When pollsters produce multiple polls, only the most recent poll was used.
Priors
The priors for each model are set by the vote shares from the November election.
However some decisions had to be made for the Warnock-Loeffler prior because there were other Democrats and Republicans on the ballot for that race. Therefore the total Democrat and Republican voteshares were used rather than just the normalized voteshares for Warnock and Loeffler. We assume that republican voters that come back for the runoff race are likely to vote for Loeffler if their preferred republican candidate is no longer on the ballot. Using the normalized ratio between only Warnock and Loeffler would result in Warnock having an advantage in the posterior (roughly 60%).
Pollster Effects
Interestingly, if we plot each of the pollster distributions the model tends to push the median voteshare slightly towards the priors when compared with the actual poll results. However each of the actual results are still well within the expected ranges of each pollsters distribution. This is the result of using a regularizing prior. The model is skeptical of polls results that deviate too far from the results of the November election. We can see that the size of the correction changes as the poll results get further away from the prior and as the uncertainty in the polls changes.

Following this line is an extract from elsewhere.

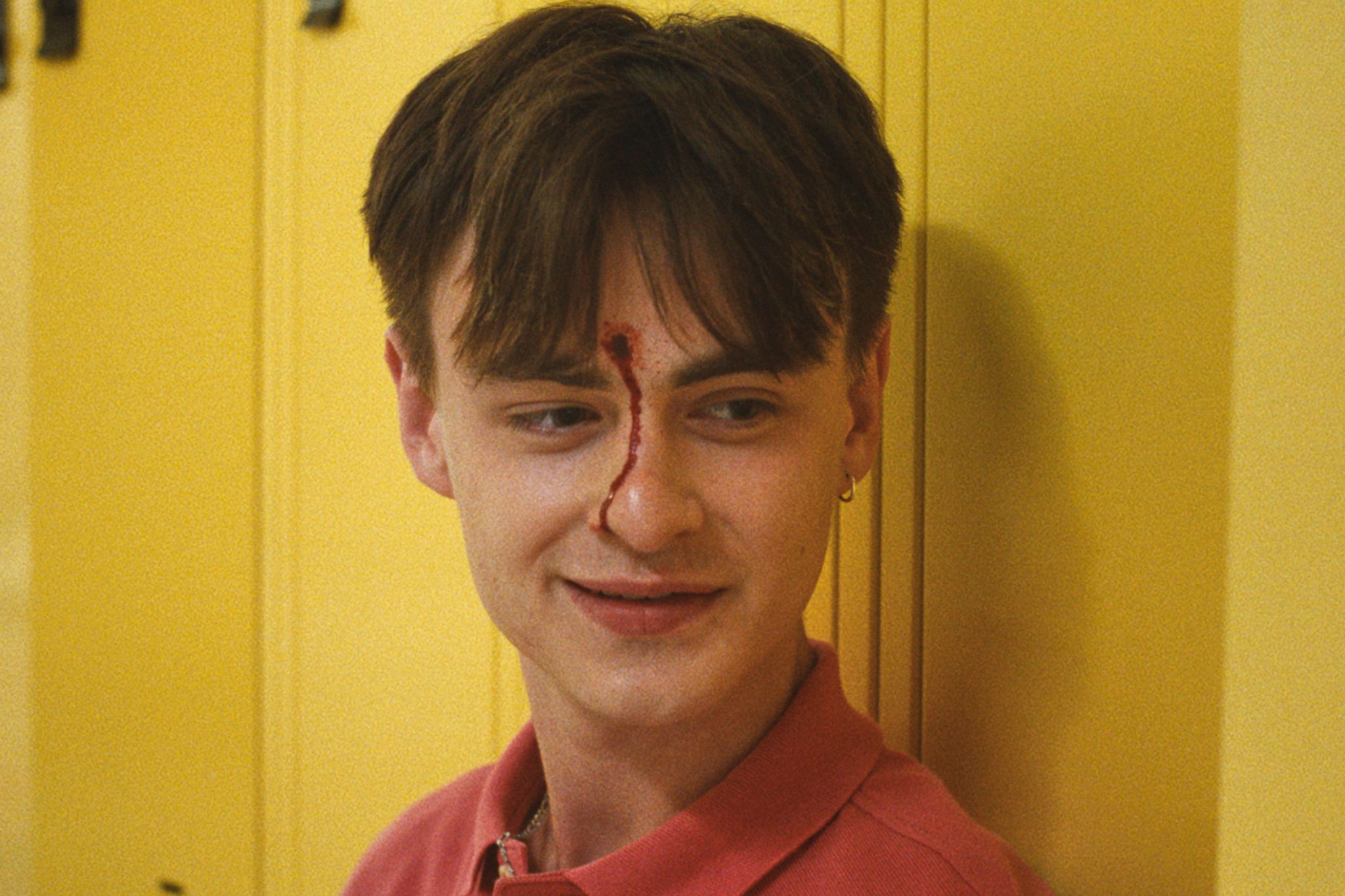 chron.com - LINDSEY BAHR - 'Uncut Gems' producer Oscar Boyson made a movie for the Letterboxd generation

Plot the actual polls results in orange and the estimated poll distribution in gray. If we don’t see any orange is because the estimated median completely overlaps the actual results. The dashed blue line is the maximum a posteriori estimate of Democratic vote share.
Tuning Prior
By using the beta distribution as our prior we can tune how much of an impact it has on the posterior distribution. A simple way of doing this is to use the sum of the two parameters for the beta distribution, alpha and beta. The larger the sum the more “peaky” or informative the prior, which gives it more weight in the final distribution. In other words, the more sure we are that the outcome of the Nov 2020 election will repeat in the runoff the more weight we want to put into the prior.
There are good reasons to weight the prior highly here. The election was recent, the turnout is much larger than any poll sample size, and it was an actual election not a survey.

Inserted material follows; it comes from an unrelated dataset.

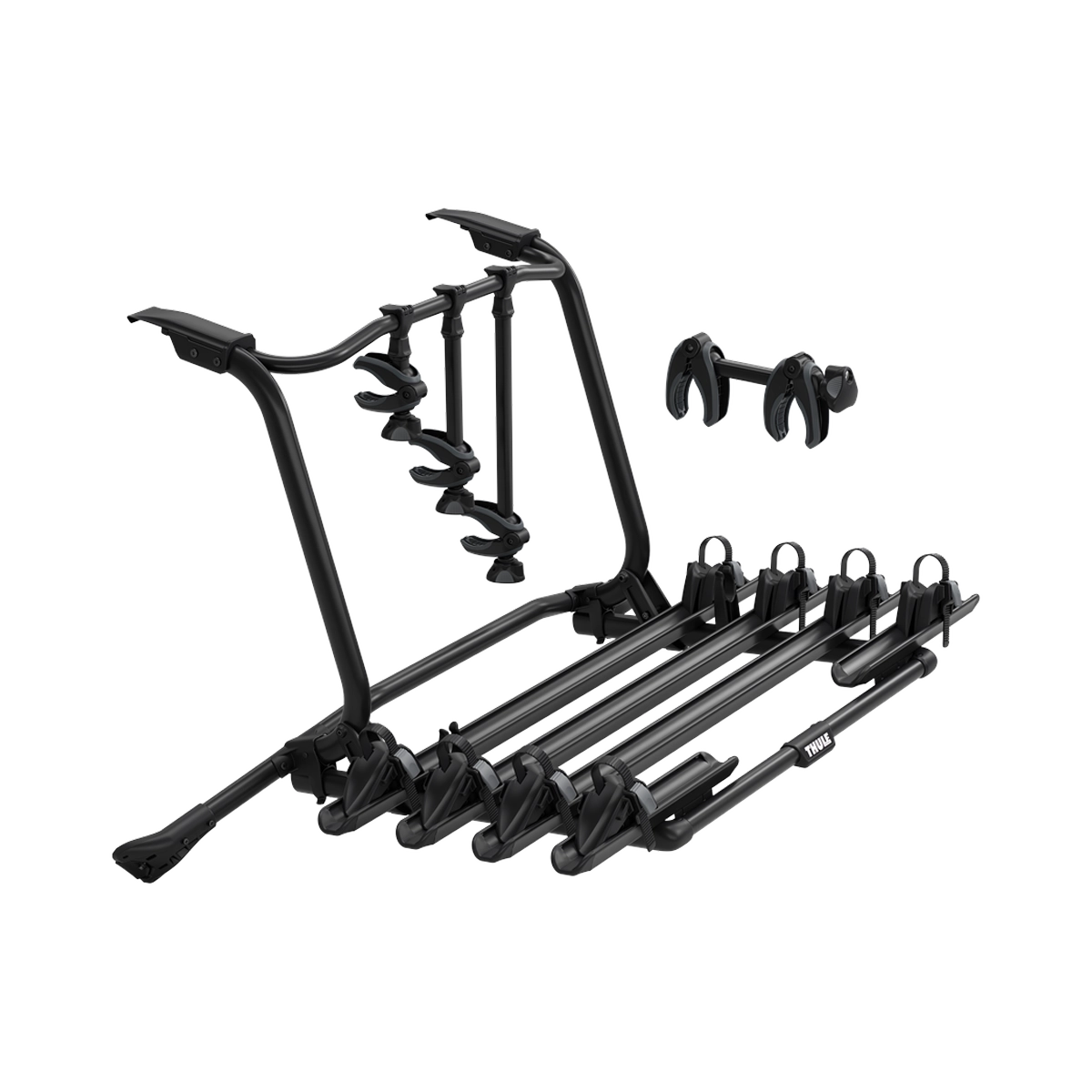 Thule 4th Rail Kit for WanderWay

However, turnout in the runoff could be much different and public opinion can change.
In the end a sum of parameters equaling 50 was used, which gives us a prior with swings in vote share of about +-1 15% from the Nov 2020 outcome. This uncertainty is quite large but it allows the polls to drive most of the posterior. With a sum of parameters at 1000 the priors are much tighter and quite a bit more resistant to change along with the polling data.

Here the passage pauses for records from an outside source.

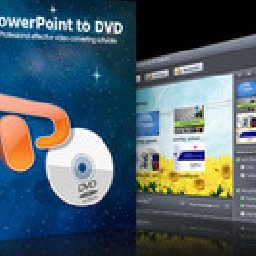 MediAvatar PowerPoint to DVD Personal 20% OFF Discount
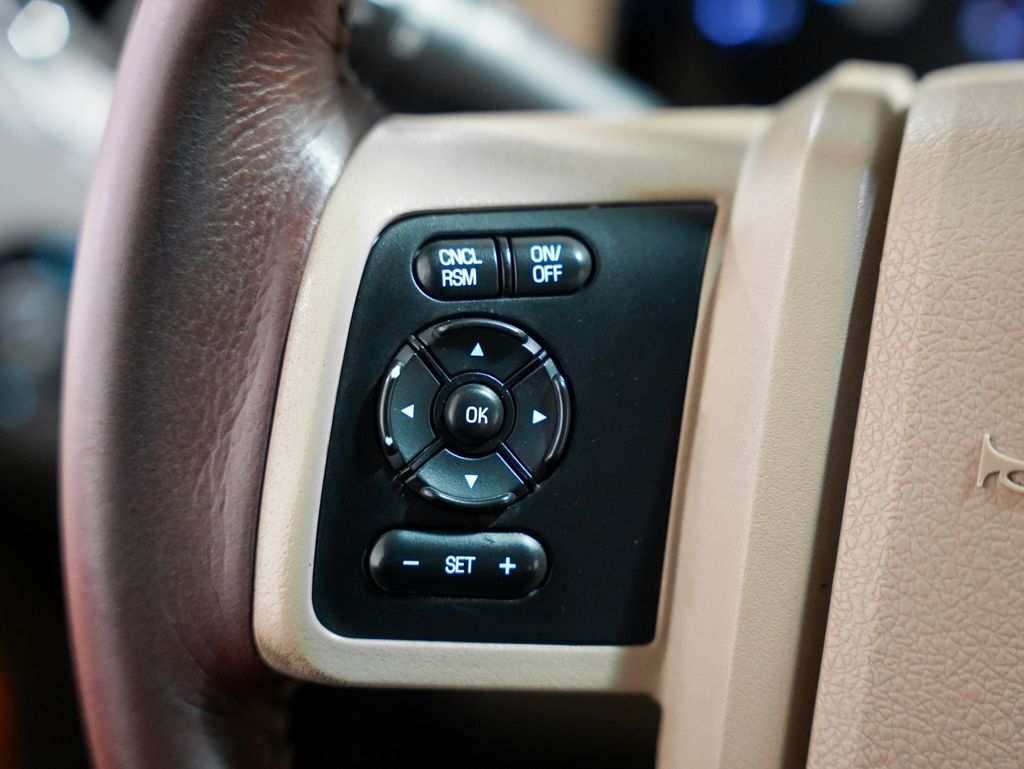 2012 Ford F-250SD King Ranch Tigard OR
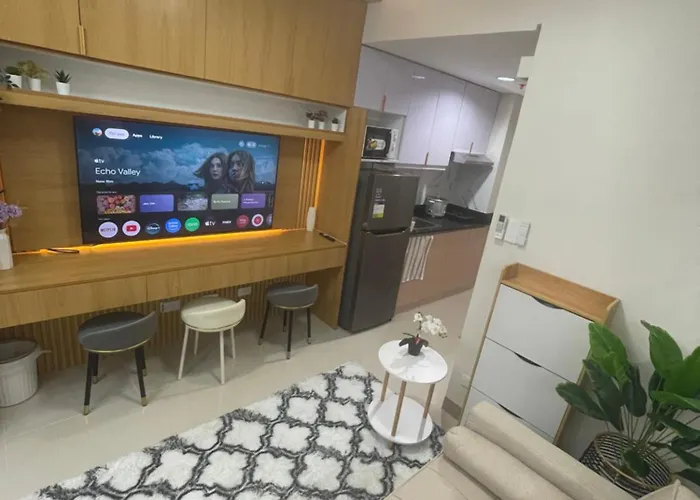 Field Residences Building 9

In terms of probabilities of election outcomes, if we use the sum of paramters of 1000 prior we get a roughly 70% win probability for both republican candidates. That would essentially be saying that the results of the November election will be repeated and we shouldn’t put too much weight on the polls.
How much weight to put on this prior is certainly up to debate and people more versed in Georgia politics can have that debate. Ideally I would have consulted with someone more versed Georgia politics for this decision.